RAIL users will have an opportunity to raise concerns directly with those responsible for providing services at a public meeting organised by the Malvern Gazette & Ledbury Reporter.

The meeting will be held at Malvern Girls' College, next door to Great Malvern Station, at 7.30pm on Wednesday, February 25.

It is part of the Gazette & Reporter's 'Not Getting There' campaign, launched last November to seek improvements to train services between Worcester and Hereford.

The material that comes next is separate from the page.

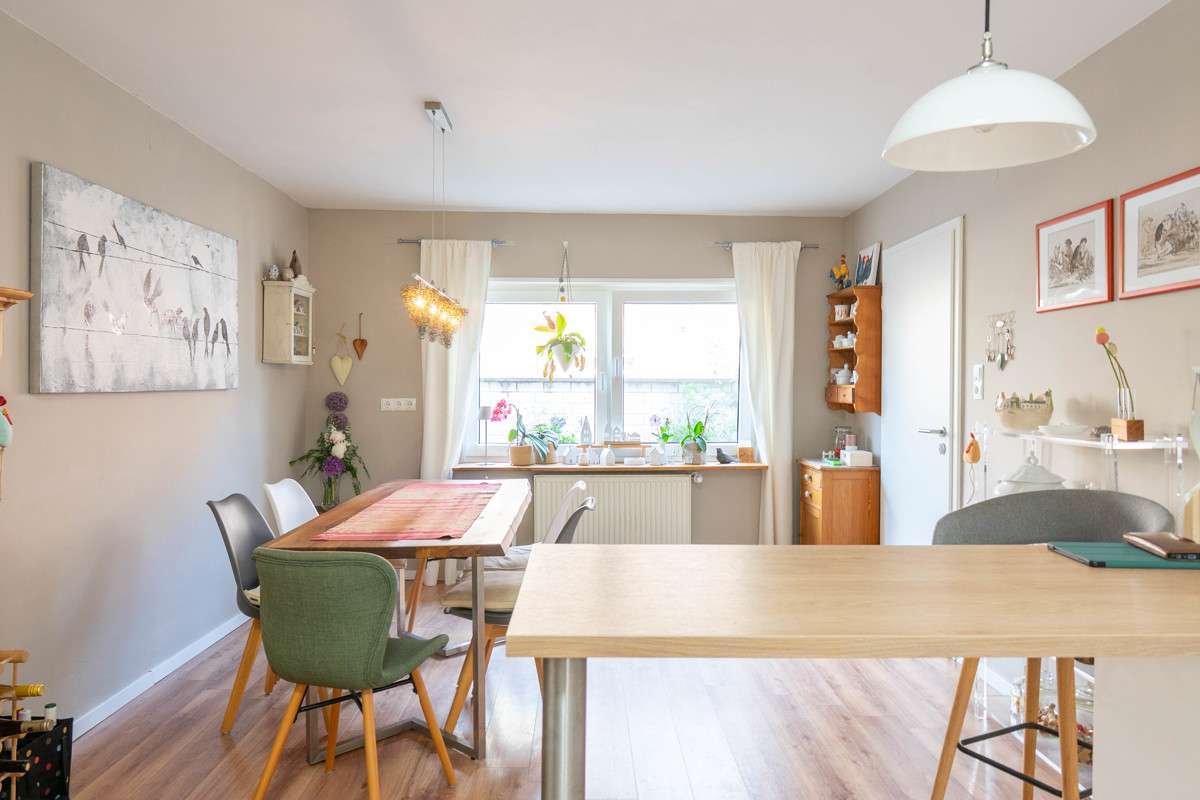 Immobilie in Friedelsheim - Vielseitiges 1-2-Familienhaus mit Halle, Hof und Garten in Friedelsheim! - Bild 13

The move followed increasing concern about late and cancelled trains, which prompted Malvern woman Jackie Carey to set up a Malvern-Ledbury Rail User Group.

Central Trains will be represented at the meeting by its deputy managing director Mike Hague and divisional director Tony Brown.

Representatives from Network Rail and First Great Western, which takes over the London franchise in April, have also been invited.

Editor Nick Howells, who will chair next month's meeting, said he hoped people would come along with constructive ideas of how improvements might be made.

"I'm pleased Central Trains have taken up our invitation and decided to send along such high-powered speakers," he said. "You certainly won't get a better chance to put your views to those who actually take the decisions."

Jackie Carey, who has been invited to speak at the meeting as a representative of passengers, said: "I would like this meeting to first of all be able to get some answers directly from the rail operators as to what they think is at the root of the problems, and some suggestions for solutions not just from them but from the public as well."

Ms Carey addressed a meeting of Malvern Hills District Council on Tuesday, which also gave its backing to next month's public meeting.

Councillors decided to ask representatives of Network Rail and the three local train operators to also attend a meeting of its overview and scrutiny committee to discuss the problems.